Silmy Karim Pikir-Pikir Melawan KPK, Pertimbangkan Ajukan Gugatan Praperadilan
Tim kuasa hukum masih fokus mendampingi Silmy selama menjalani proses hukum di Komisi Pemberantasan Korupsi (KPK).
Tim kuasa hukum mantan Wakil Menteri Imigrasi dan Pemasyarakatan (Imipas) Silmy Karim mempertimbangkan melayangkan gugatan praperadilan terkait kasus menjerat kliennya. Namun langkah hukum tersebut saat ini belum menjadi prioritas utama.
Kuasa hukum Silmy, Sahala Siahaan mengatakan tim kuasa hukum masih fokus mendampingi kliennya selama menjalani proses hukum di Komisi Pemberantasan Korupsi (KPK).
"Opsi itu belum menjadi suatu kebutuhan saat ini.
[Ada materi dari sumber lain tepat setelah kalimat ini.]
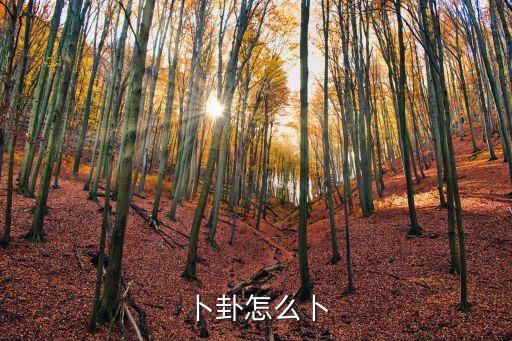 周易卜卦方法,中國算卦發展歷程如下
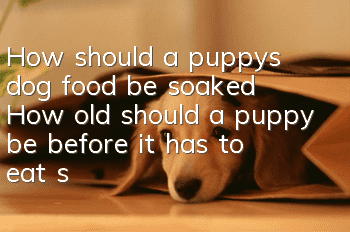 How should a puppy’s dog food be soaked? How old should a puppy be before it has to eat soaked dog food?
Tapi bisa dipertimbangkan,” kata Sahala kepada wartawan, Jumat (5/6).
Fokus Beri Pendampingan
Menurut dia, tim kuasa hukum lebih mengutamakan pendampingan terhadap Silmy, baik dalam kapasitas sebagai pengacara maupun sebagai sahabat.
Sahala menegaskan tim kuasa hukum akan terus berada di samping Silmy selama menghadapi perkara dugaan pemerasan dan gratifikasi pengurusan izin tinggal warga negara asing (WNA).
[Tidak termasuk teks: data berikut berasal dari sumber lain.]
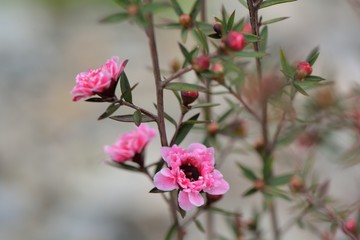 Manuka Tea-tree、Broom Teatree.(Leptospermum scoparium J. R. Forst. et G. Forst.) 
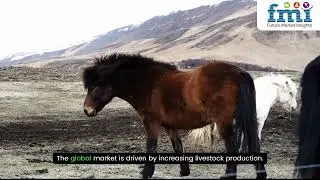 Animal Feed Additives Market 2025 Growth Drivers, Regional Outlook Till 2035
“Kami lebih fokus terhadap bagaimana mendampingi beliau, baik sebagai kuasa hukum, begitu juga sebagai sahabat-sahabat dari beliau. Kami tidak akan pernah meninggalkan beliau,” ujar Sahala.
Saat ditanya mengenai jumlah anggota tim kuasa hukum mendampingi Silmy, Sahala menyebut cukup banyak. Menurut dia, banyak pihak ingin terlibat dalam pendampingan hukum terhadap Silmy.
“Cukup banyak sebenarnya. Yang mau berpartisipasi cukup banyak,” kata dia.
Meski demikian, Sahala menegaskan semangat utama tim kuasa hukum bukan semata-mata memberikan bantuan hukum, melainkan memastikan Silmy tidak menghadapi perkara tersebut seorang diri.
“Semangatnya di sini adalah mendampingi beliau sebagai sahabat. Bahwa dia tidak sendiri,” tutup dia.